_Activity_. Do not copy the pictures. Write out the lines from the start of the entries through the line containing "2000 Ford F-250 Image 2".

(Data records)
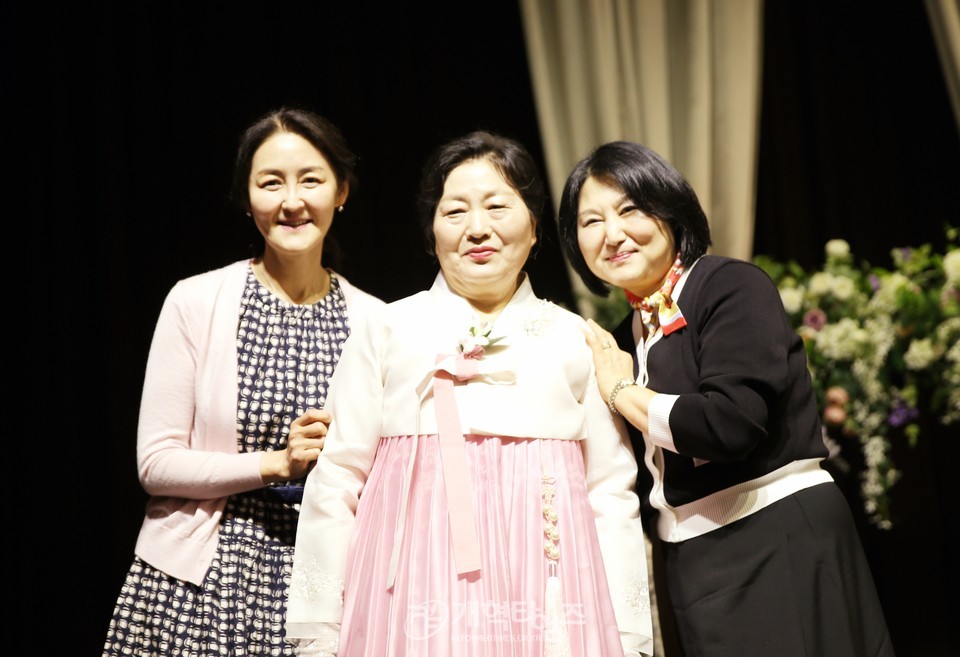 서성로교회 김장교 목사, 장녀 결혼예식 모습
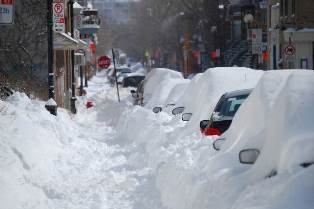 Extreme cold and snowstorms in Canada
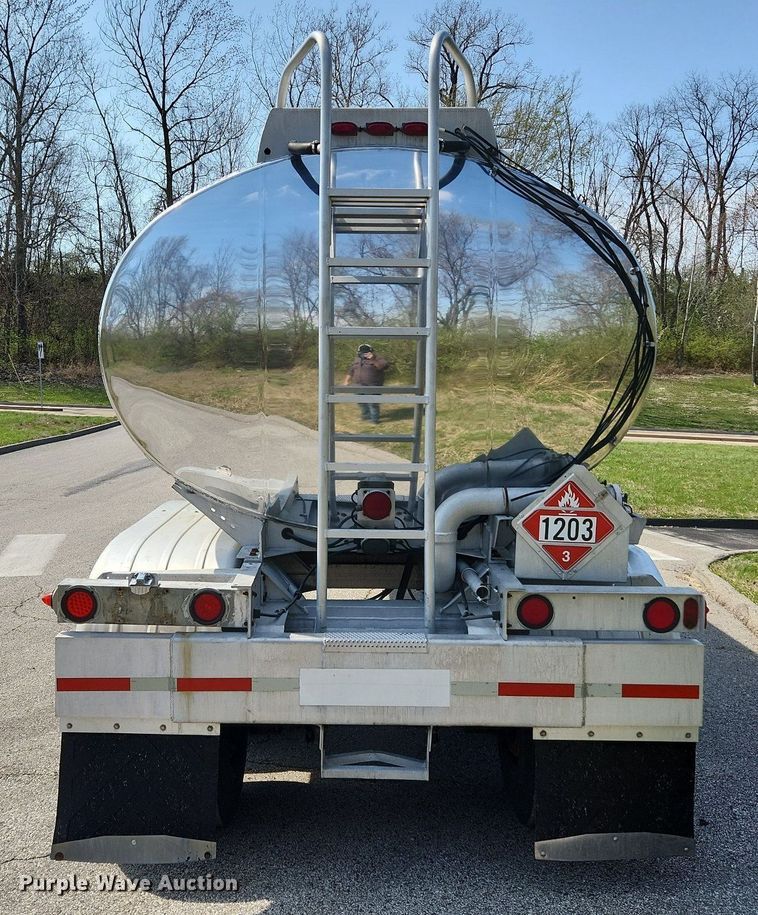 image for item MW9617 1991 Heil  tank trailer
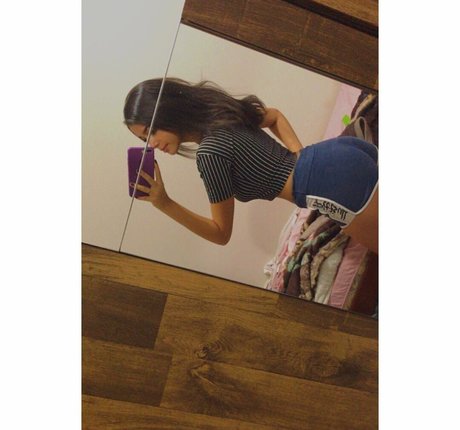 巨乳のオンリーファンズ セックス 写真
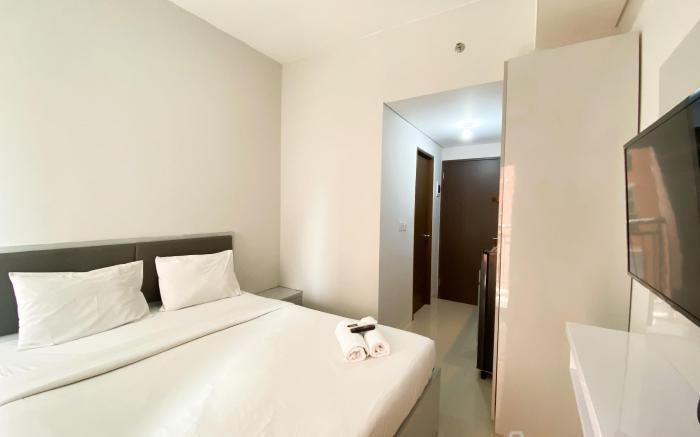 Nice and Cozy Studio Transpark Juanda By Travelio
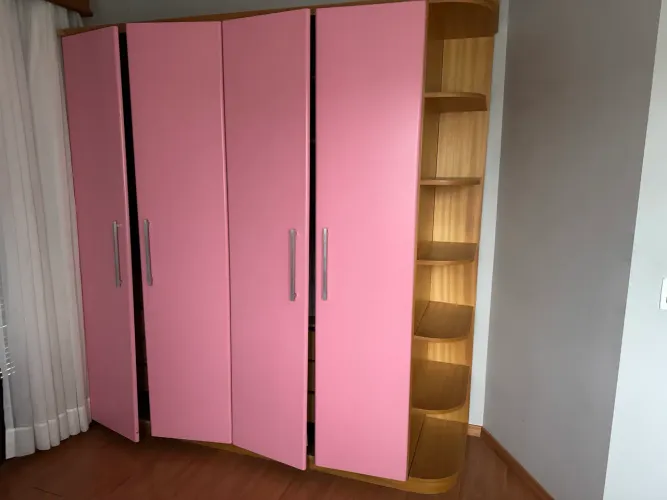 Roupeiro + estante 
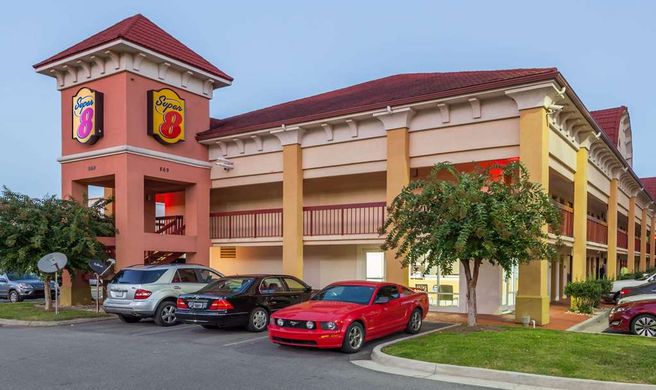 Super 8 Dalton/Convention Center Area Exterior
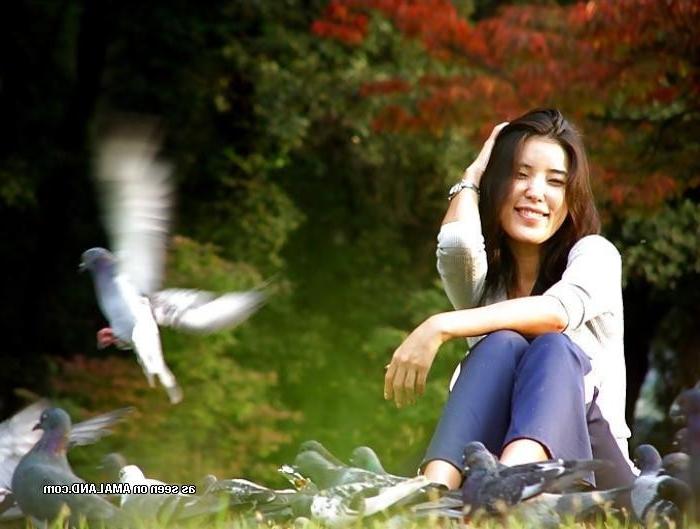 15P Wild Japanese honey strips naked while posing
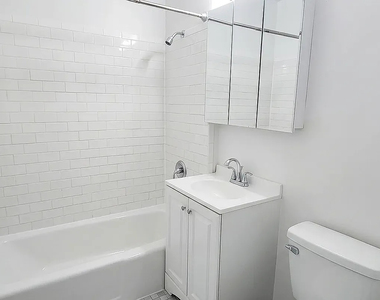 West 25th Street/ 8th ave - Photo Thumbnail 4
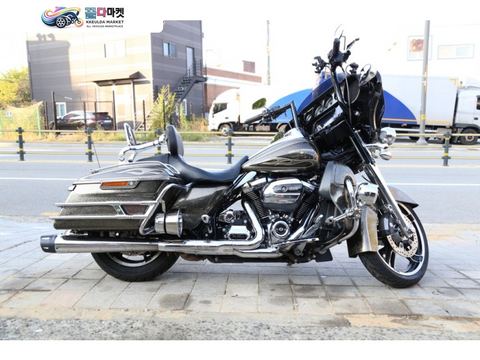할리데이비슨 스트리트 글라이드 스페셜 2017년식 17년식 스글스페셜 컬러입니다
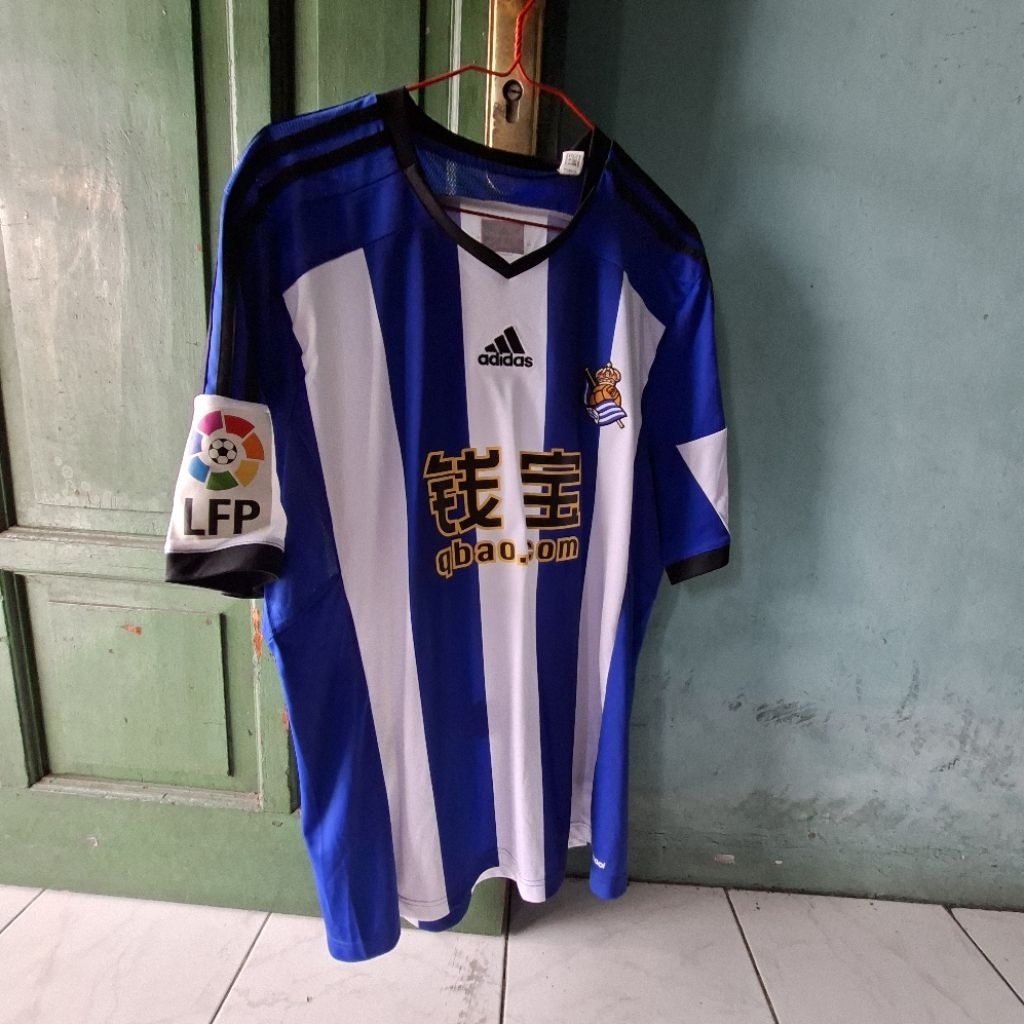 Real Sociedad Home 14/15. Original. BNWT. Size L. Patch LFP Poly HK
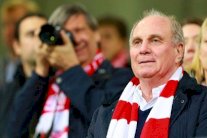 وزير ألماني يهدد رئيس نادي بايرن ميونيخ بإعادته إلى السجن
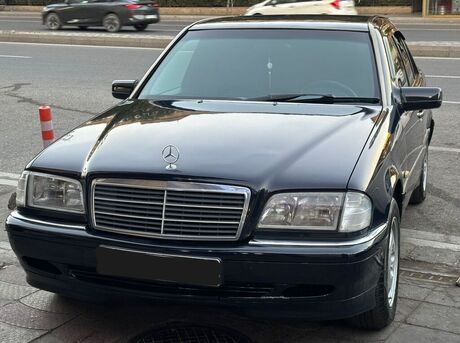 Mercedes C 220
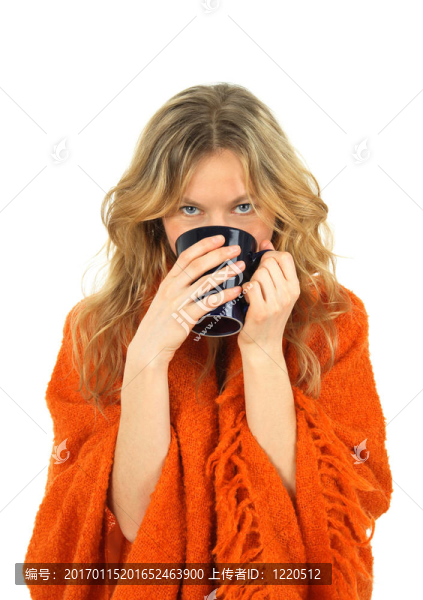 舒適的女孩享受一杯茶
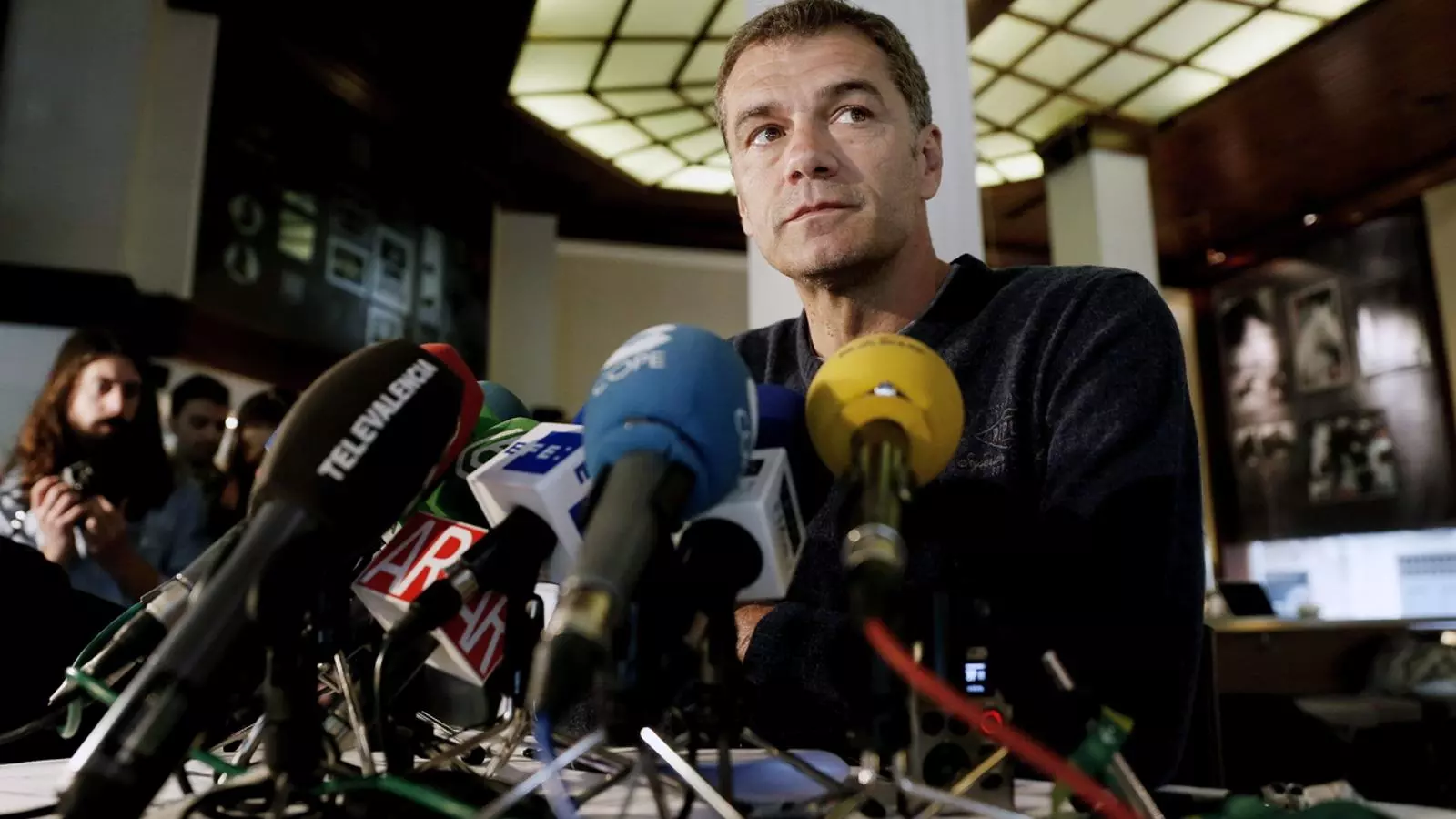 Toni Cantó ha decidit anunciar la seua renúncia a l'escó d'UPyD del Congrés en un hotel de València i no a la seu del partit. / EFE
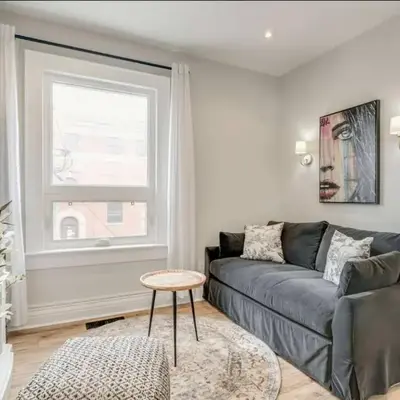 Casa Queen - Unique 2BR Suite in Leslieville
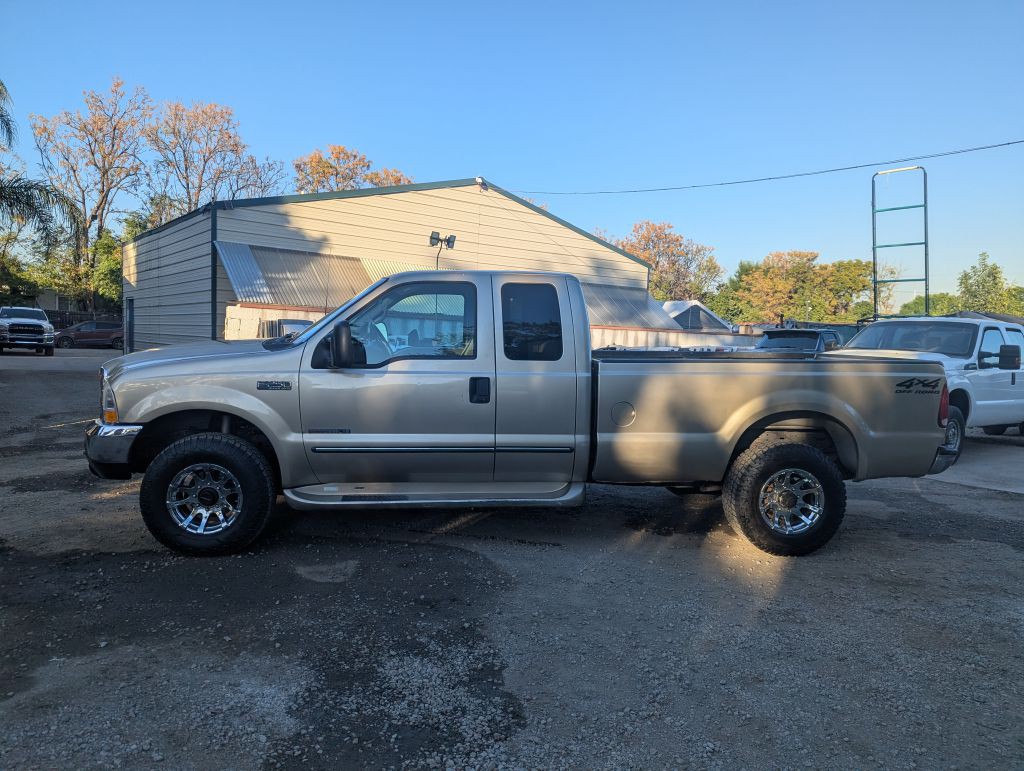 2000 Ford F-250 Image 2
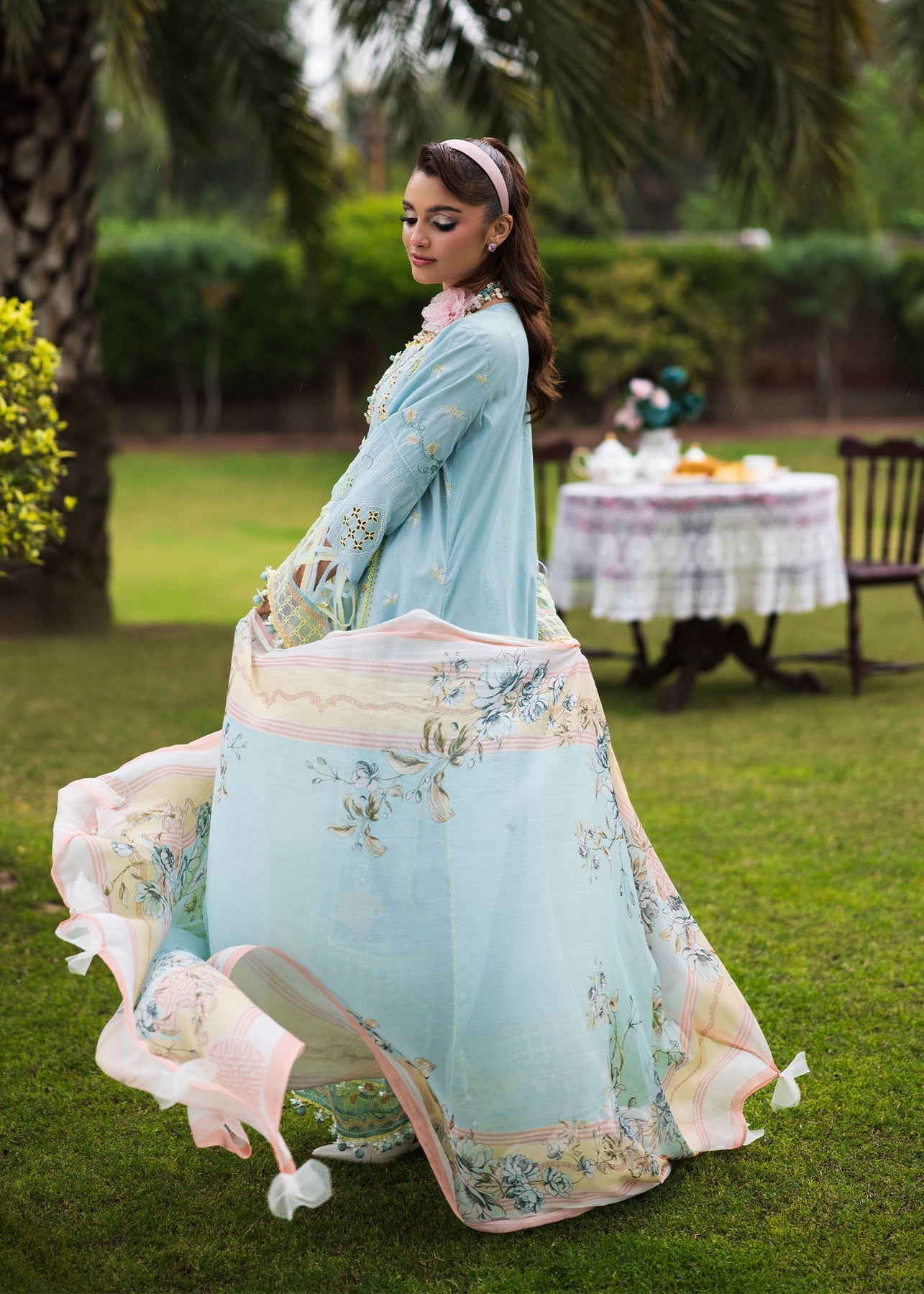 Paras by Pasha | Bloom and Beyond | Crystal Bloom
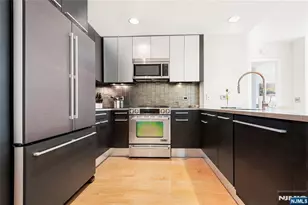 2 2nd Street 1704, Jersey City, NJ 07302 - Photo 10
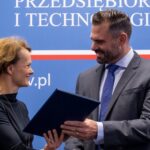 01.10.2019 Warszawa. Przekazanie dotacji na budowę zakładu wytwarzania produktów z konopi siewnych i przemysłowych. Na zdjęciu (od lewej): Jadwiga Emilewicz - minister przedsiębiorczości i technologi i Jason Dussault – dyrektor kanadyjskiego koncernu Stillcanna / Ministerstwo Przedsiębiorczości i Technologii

_Response box_.
 서성로교회 김장교 목사, 장녀 결혼예식 모습
 Extreme cold and snowstorms in Canada
 image for item MW9617 1991 Heil  tank trailer
 巨乳のオンリーファンズ セックス 写真
 Nice and Cozy Studio Transpark Juanda By Travelio
 Roupeiro + estante 
 Super 8 Dalton/Convention Center Area Exterior
 15P Wild Japanese honey strips naked while posing
 West 25th Street/ 8th ave - Photo Thumbnail 4
할리데이비슨 스트리트 글라이드 스페셜 2017년식 17년식 스글스페셜 컬러입니다
 Real Sociedad Home 14/15. Original. BNWT. Size L. Patch LFP Poly HK
 وزير ألماني يهدد رئيس نادي بايرن ميونيخ بإعادته إلى السجن
 Mercedes C 220
 舒適的女孩享受一杯茶
 Toni Cantó ha decidit anunciar la seua renúncia a l'escó d'UPyD del Congrés en un hotel de València i no a la seu del partit. / EFE
 Casa Queen - Unique 2BR Suite in Leslieville
 2000 Ford F-250 Image 2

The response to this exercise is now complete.